A semi-automatic open-source tool for Layout Analysis and Region EXtraction on early printed books.
MIT License
177 stars 33 forks source link

virtual_keyboards #317

Open tboenig opened 2 years ago

tboenig commented 2 years ago

In

you provide a virtual keyboard. What is the meaning behind the division of the characters into individual lines?

bertsky commented 2 years ago

@tboenig it's just the visualization, i.e. the layout of letter buttons across lines

screenshot

chaddy314 commented 2 years ago

Characters in the virtual keyboard are grouped together by different characteristics. In the web-view this corresponds to a new line for each line the .txt-file (up to 12, if there are more a new line is started).

For the default keyboard this will result in sth like this: image

Of course it is possible to change the layout and add custom characters by changing the .txt-file and uploading it. You can also add additional character buttons and delete unneeded ones with the menu below.

tboenig commented 2 years ago

Okay, thank you very much for your answers. I have prepared something, see https://tboenig.github.io/keyboardGT/overview.html.

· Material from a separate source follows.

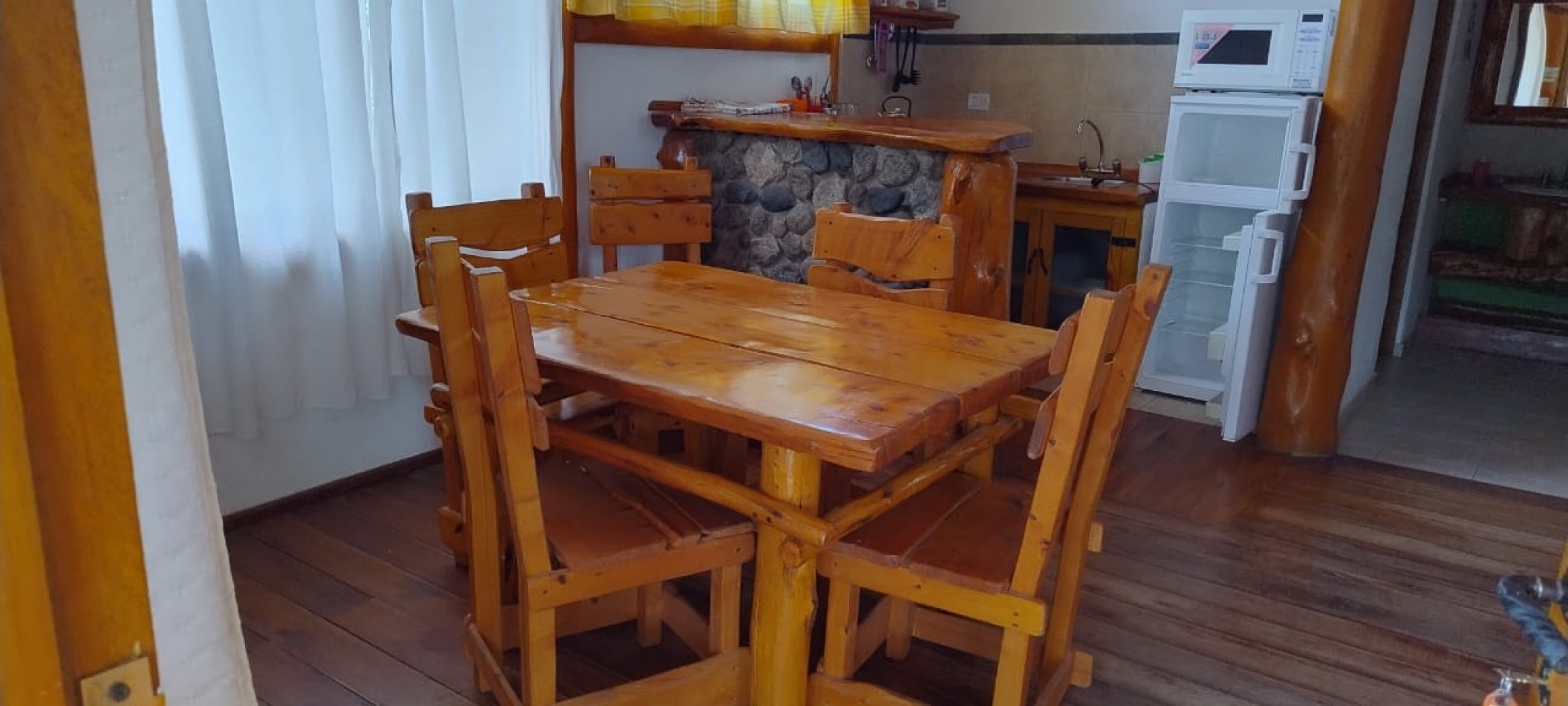 VENDE CASA Y 4 CABAÑAS EN SIERRAS MARIANAS VILLA DE LA QUEBRADA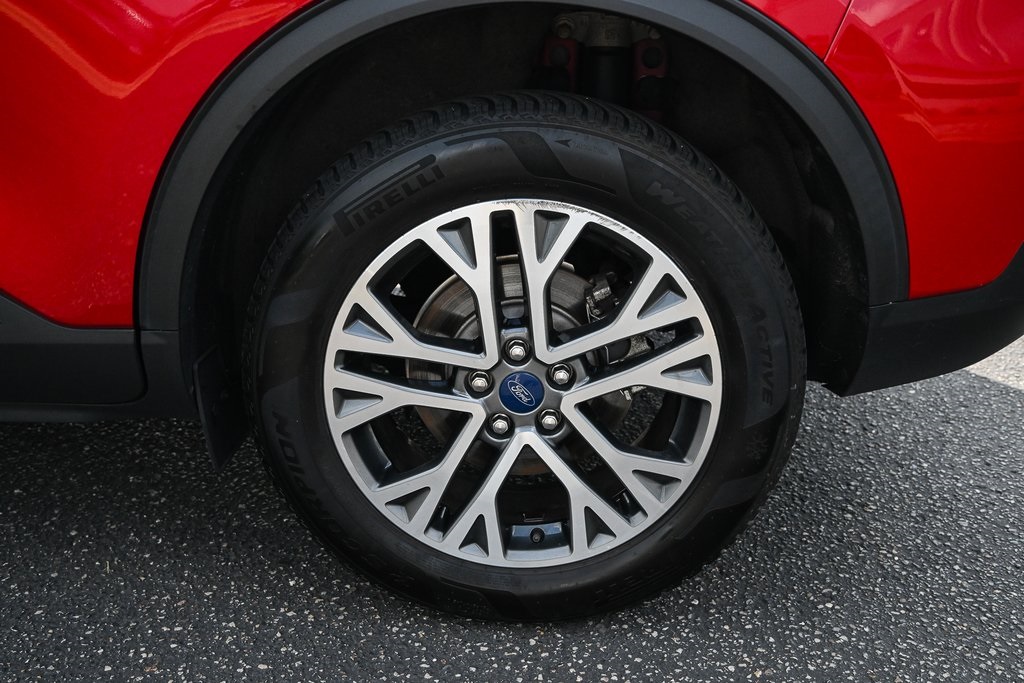 2020 Ford Escape SEL photo 7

Would these keyboards complement LAREX? And are they in the right format? Example: https://tboenig.github.io/keyboardGT/keyboards/LAREX/LatExtD.txt

maxnth commented 2 years ago

Okay, thank you very much for your answers. I have prepared something, see https://tboenig.github.io/keyboardGT/overview.html.

Great resource, will certainly refer OCR4all / LAREX users who have questions about MUFI / Virtual Keyboards / etc. to this. Thank you!

Would these keyboards complement LAREX? And are they in the right format? Example: https://tboenig.github.io/keyboardGT/keyboards/LAREX/LatExtD.txt

More or less. LAREX currently excepts a single whitespace between the characters in a row. So the following file would work LatExtD.txt and look like the following in the LAREX UI

Screenshot of imported virtual keyboard

The current text format is a bit too unstructured for my taste and the parser isn't really robust but it works. We'll most likely add other import / export formats in the next major release of LAREX and I guess adding compatibility for the virtual keyboard files of other editors would be kinda neat as well.

We also have a repository which contains all virtual keyboards which are shipped per default with LAREX and we're open for PRs containing other virtual keyboard templates.

tboenig commented 2 years ago

The current text format is a bit too unstructured for my taste and the parser isn't really robust but it works.

With the other keyboard formats you have some inspiration for an optimized keyboard format. Does a PR make sense if your keyboard format is still changing?